Input
########################################

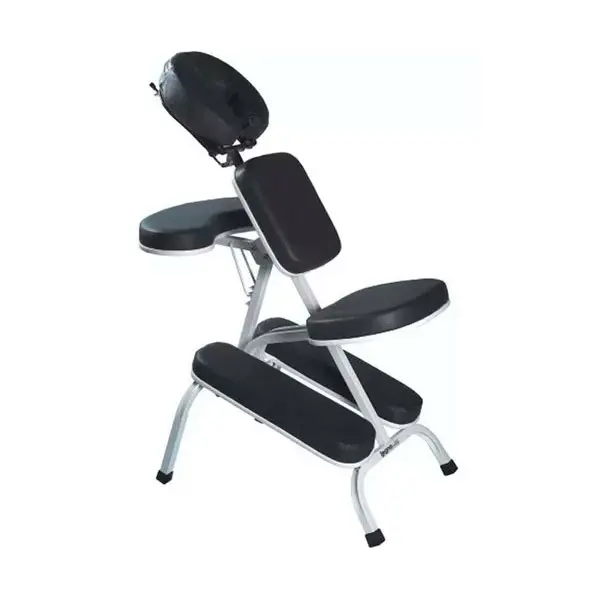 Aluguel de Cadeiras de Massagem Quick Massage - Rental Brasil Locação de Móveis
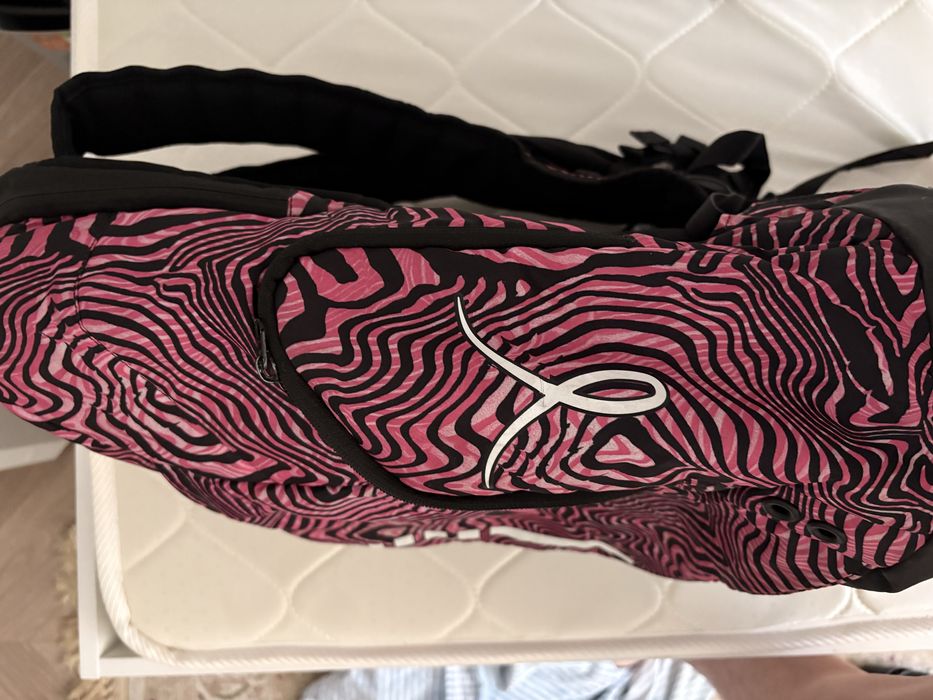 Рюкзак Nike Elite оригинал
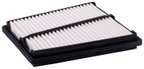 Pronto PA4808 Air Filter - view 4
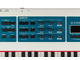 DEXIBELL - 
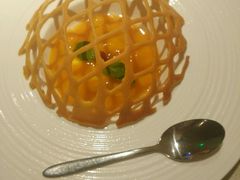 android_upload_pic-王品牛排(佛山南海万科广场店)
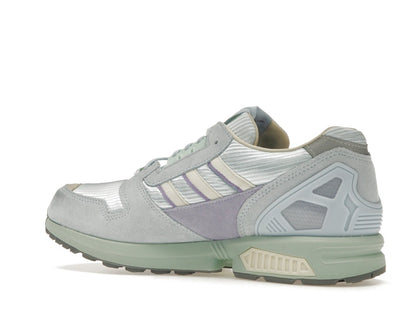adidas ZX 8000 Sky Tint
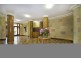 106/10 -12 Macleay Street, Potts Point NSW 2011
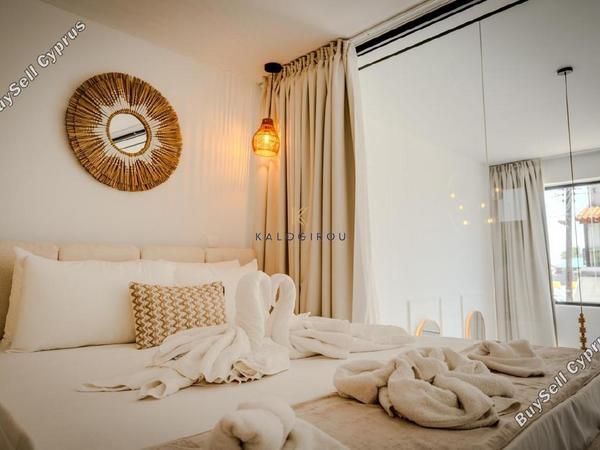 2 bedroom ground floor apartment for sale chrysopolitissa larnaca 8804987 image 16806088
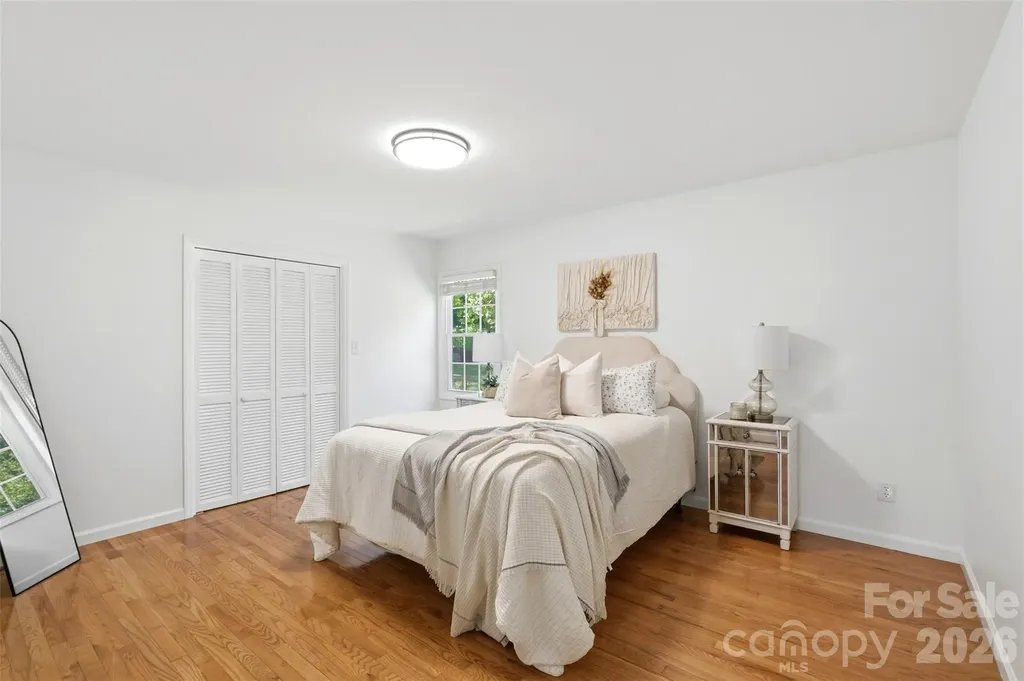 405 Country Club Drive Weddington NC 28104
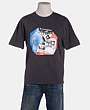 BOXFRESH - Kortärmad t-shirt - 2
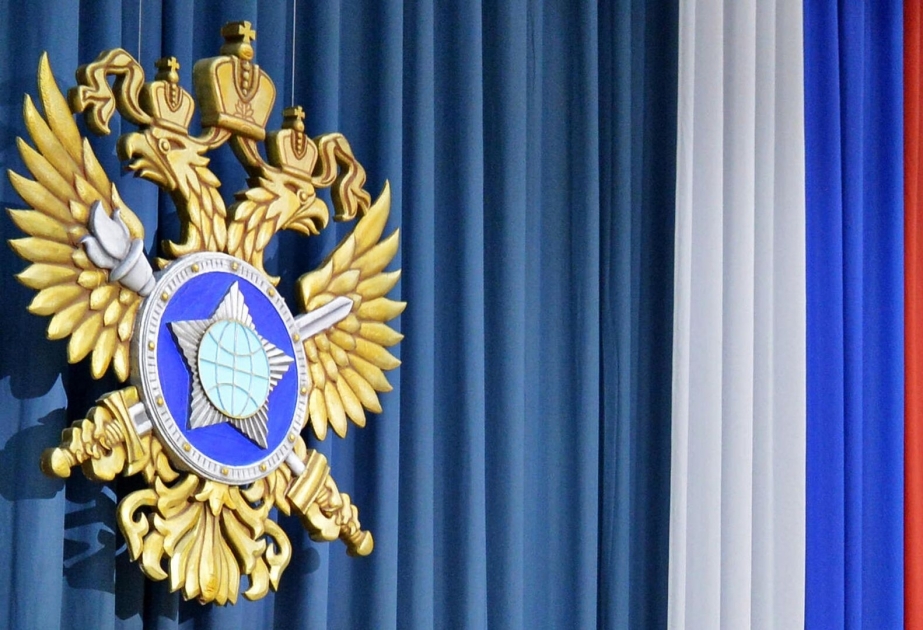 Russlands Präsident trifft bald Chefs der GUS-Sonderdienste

########################################

For this exercise, return the material word for word and drop each image.

Written response
 Aluguel de Cadeiras de Massagem Quick Massage - Rental Brasil Locação de Móveis
 Рюкзак Nike Elite оригинал
 Pronto PA4808 Air Filter - view 4
 DEXIBELL - 
 android_upload_pic-王品牛排(佛山南海万科广场店)
adidas ZX 8000 Sky Tint
 106/10 -12 Macleay Street, Potts Point NSW 2011
 2 bedroom ground floor apartment for sale chrysopolitissa larnaca 8804987 image 16806088
 405 Country Club Drive Weddington NC 28104
 BOXFRESH - Kortärmad t-shirt - 2
 Russlands Präsident trifft bald Chefs der GUS-Sonderdienste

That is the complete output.